§ **WHAT THE TASK REQUIRES**:
Reproduce all of the entries character for character, while leaving out any pictures they contain.

§ **MATERIAL SHOWN**:
------------------------------------------------

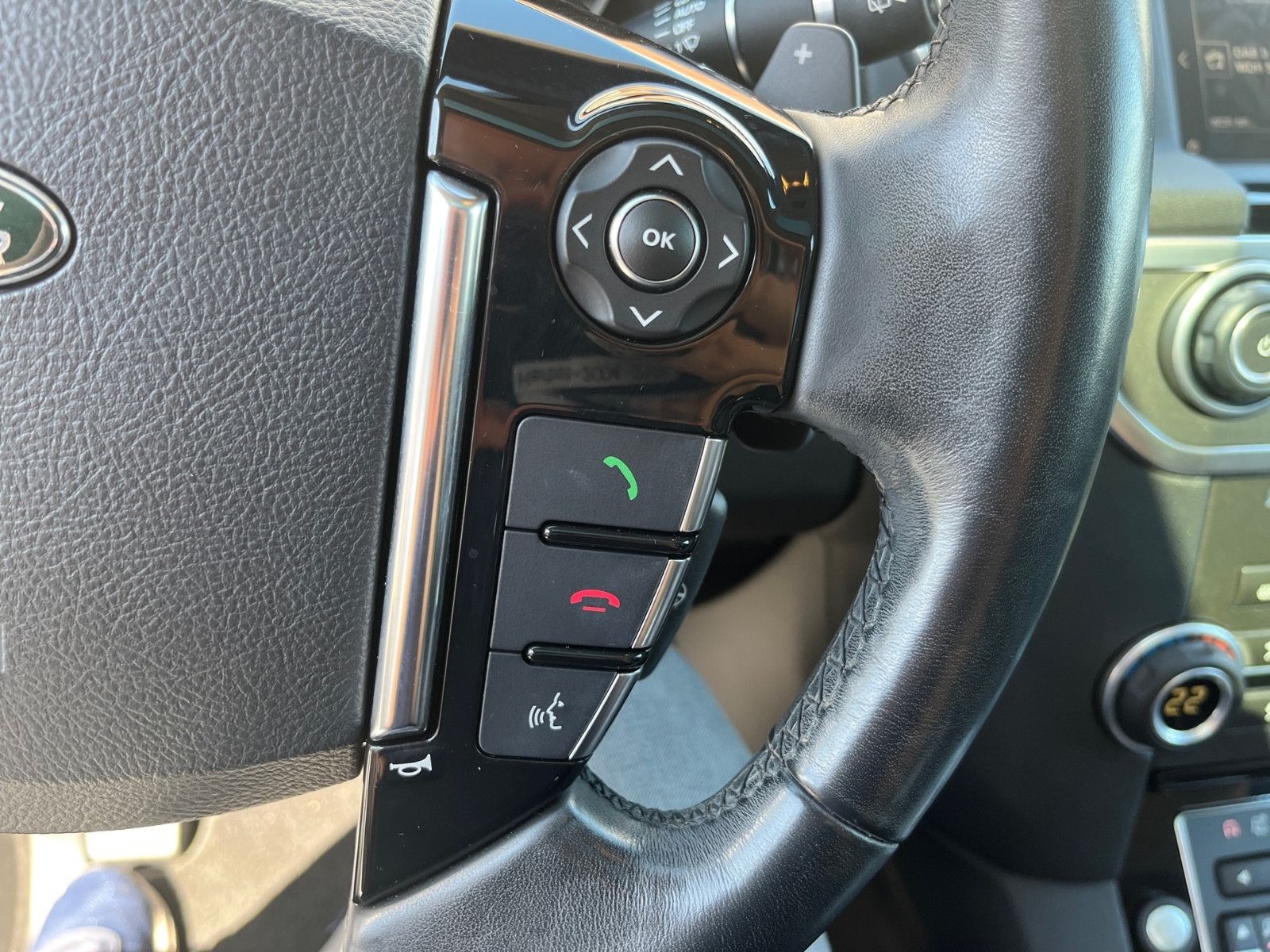 Fahrzeugabbildung Land Rover Discovery 4 SDV6 HSE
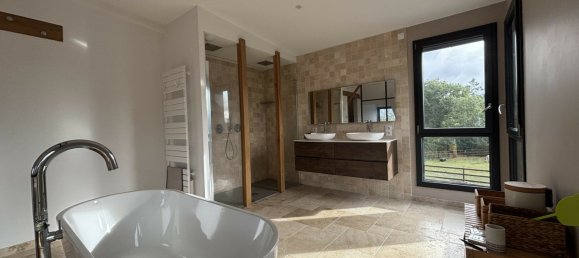 4 chambres Maison à Château-Gontier, France No. 359204 2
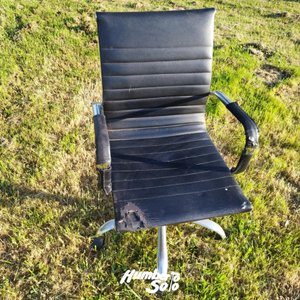 Silla de Escritorio Giratoria Negra con Detalle en Tapizado - imagen 3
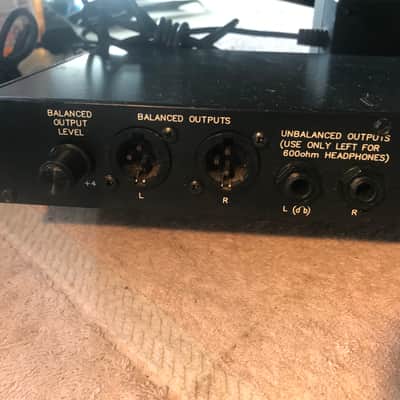 Rocktron Chameleon Guitar preamp/processor with correct power supply, rack mount bolts and washers image 6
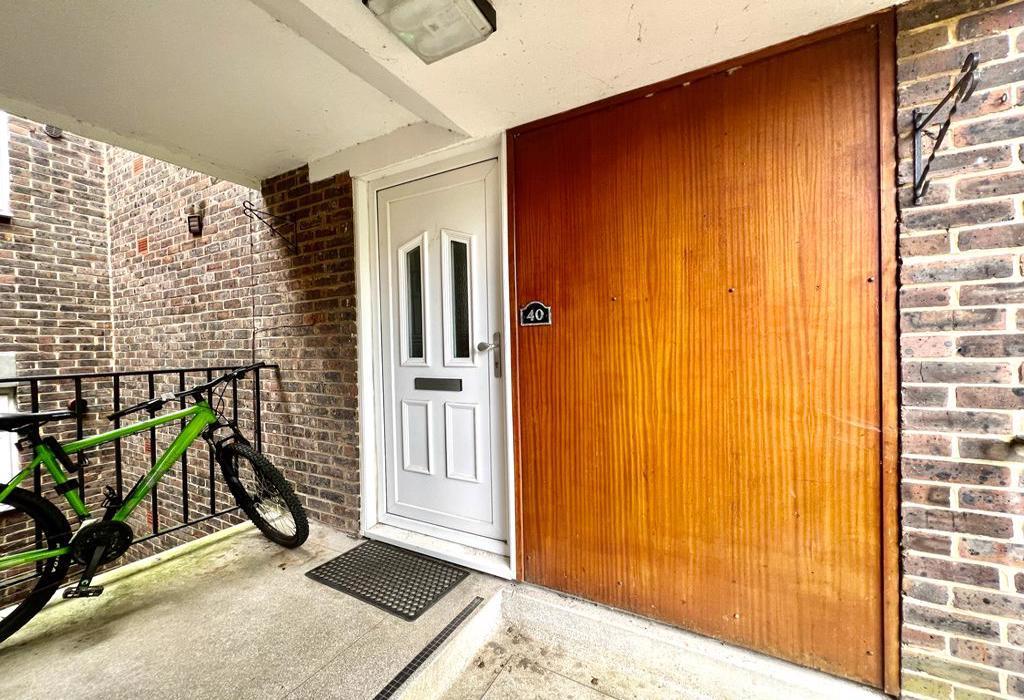 Willowfield, Harlow, Essex 2 bed apartment for sale £200,000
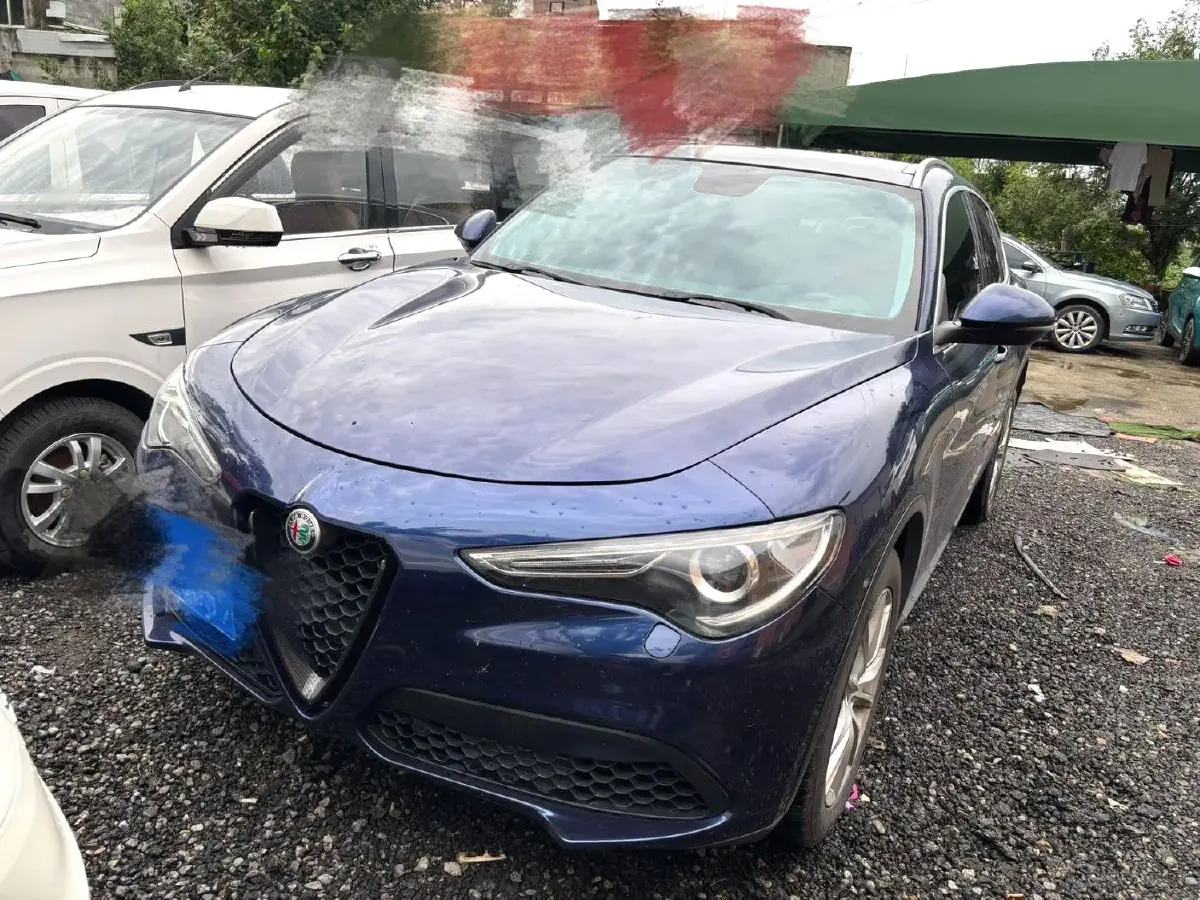 2017 Alfa Romeo Stelvio 2.0T 200HP L4 8AT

------------------------------------------------

§ **FINAL ANSWER**:
 Fahrzeugabbildung Land Rover Discovery 4 SDV6 HSE
 4 chambres Maison à Château-Gontier, France No. 359204 2
 Silla de Escritorio Giratoria Negra con Detalle en Tapizado - imagen 3
 Rocktron Chameleon Guitar preamp/processor with correct power supply, rack mount bolts and washers image 6
 Willowfield, Harlow, Essex 2 bed apartment for sale £200,000
 2017 Alfa Romeo Stelvio 2.0T 200HP L4 8AT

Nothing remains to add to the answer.